Lois Matthews, 74, was living with her son in a second-floor apartment in Atlantic City, N.J., when Superstorm Sandy swept through. “When we looked out and saw the water, it had to be 10 feet high and it felt like it was just going to get higher and higher,” she said. “They were telling us to evacuate, but most of us stayed in our homes. Where else were we going to go? We figured only God could save us.”
Matthews and her neighbors were fortunate, they didn’t suffer any damage, but many others did when Sandy came sweeping up the East Coast in October. Months later, people are still recovering, and on a brilliant Sunday morning, Matthews, a member of Allegheny East Conference’s Boardwalk church, is doing her part to help. She seems right at home in the middle of a throng of students from Potomac Conference’s Richmond Academy (RA) in Richmond, Va., organizing boxes in a building next door to the Seashore church. (The building is in the middle of renovations and will be used as warehouse for future disaster recovery efforts.)
Some 40 RA students and staff traveled to New Jersey for four days of mission work. “We’ve been working behind the scenes for six months to get our students here,” shared Malcom “Mick” Hutchinson, RA principal. “We figured by spring everybody would forget about the needs. We are here to find out what the community needs. We just came to help and that’s what we are going to do.”

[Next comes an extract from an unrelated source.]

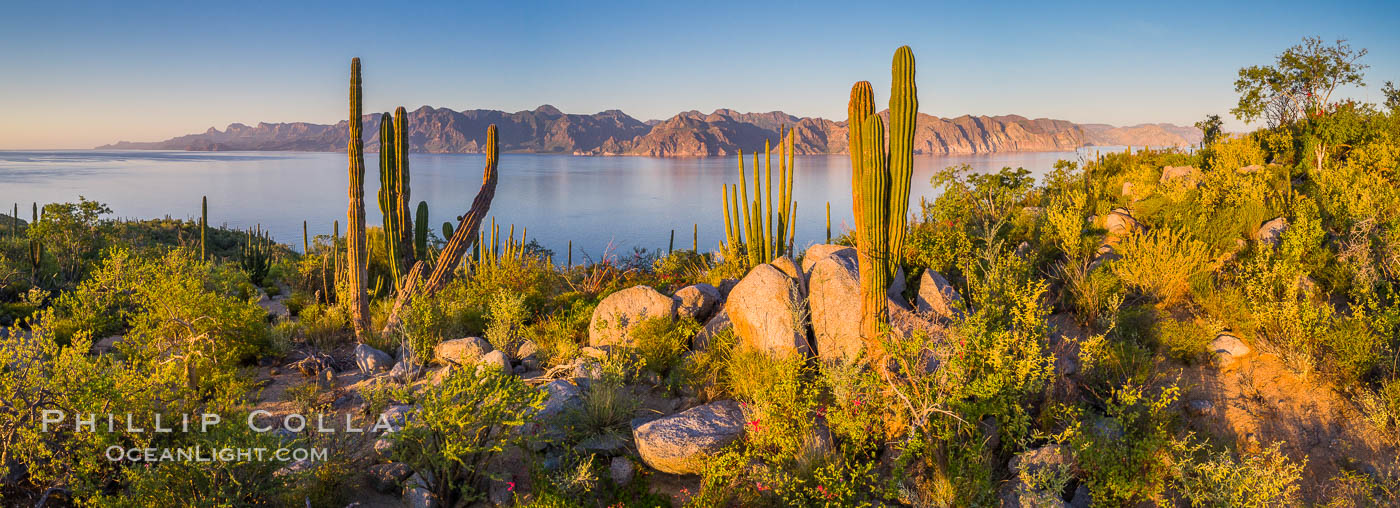 Cardon Cactus on Isla San Jose, Aerial View, Baja California. Mexico, Pachycereus pringlei, natural history stock photograph, photo id 33688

And that help is welcome. “When the hurricane first hit, nobody had gas nor electricity that week so we were feeding people,” says Robert Smith, pastor of the Seashore, Boardwalk and Newtonville churches. “Now there are people who need help getting back into their homes or into certain parts of their homes. People don’t realize that we still need help. The first week everybody with a camera came to see how we were doing, but now we don’t have anybody coming. We feel a bit forsaken and forgotten.”
RA students are the third wave of Adventist students to come to New Jersey to help with post-Sandy clean-up efforts. (Washington Adventist University and Takoma Academy students came from Takoma Park, Md., earlier in the year.) The students quickly separate into teams. Some organize boxes of textbooks and evangelistic literature to be distributed locally and in Richmond. Over four days, students work hand-in-hand with local church members to clean storm refuse from outside the church and travel to homes in the community to clean, make repairs and paint. The students even take over the Sabbath services at the Seashore church.

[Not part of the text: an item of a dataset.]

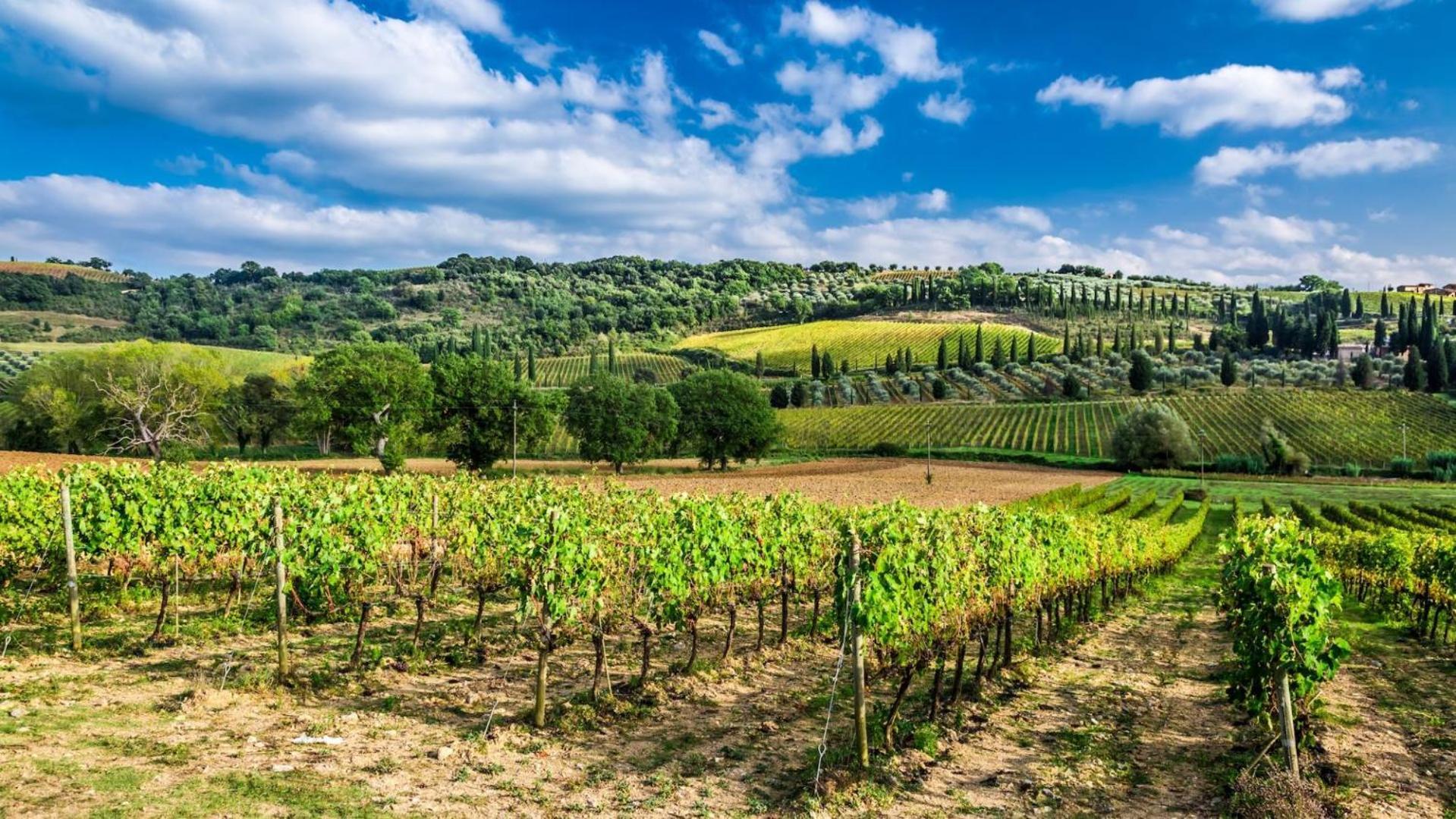 Terre Gialle - La Val D'Orcia Nascosta 카스텔 델 피아노 외부 사진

Smith explains that what is needed now is long-term recovery help—he wants to be ready to respond not if, but when the next storm hits. He is already on the way. In the parking lot of the church is a trailer filled with emergency food and supplies. The next step is to finish renovation on the new warehouse.

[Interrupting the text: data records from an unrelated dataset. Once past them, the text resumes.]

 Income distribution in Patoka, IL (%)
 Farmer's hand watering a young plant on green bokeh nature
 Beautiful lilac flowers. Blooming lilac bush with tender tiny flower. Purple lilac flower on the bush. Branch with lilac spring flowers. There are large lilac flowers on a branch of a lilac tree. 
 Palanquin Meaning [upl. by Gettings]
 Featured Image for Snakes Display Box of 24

Around lunchtime, Aya Pagunasan, 12, a seventh-grader and veteran missionary, says, “It’s tiring but I love working with people. I hope I’ll get to go on another mission trip.”
Pagunasan’s response to working in New Jersey is one that Smith, who has been coordinating the conference’s cleanup and outreach in the Atlantic City area, has heard before. “Young people are looking for experience. They want to do volunteer work. Some of them have never been in the inner city before so it’s good for them to have this experience,” he says. “After all North America has one of the largest mission fields there is.”
And this hometown mission experience is one that Matthews feels compelled to participate in even in her golden years. “Even if I can’t do as much as the kids, I’ll do my best. I’m here and that means a lot. This is where I want to be. Where else would you be?”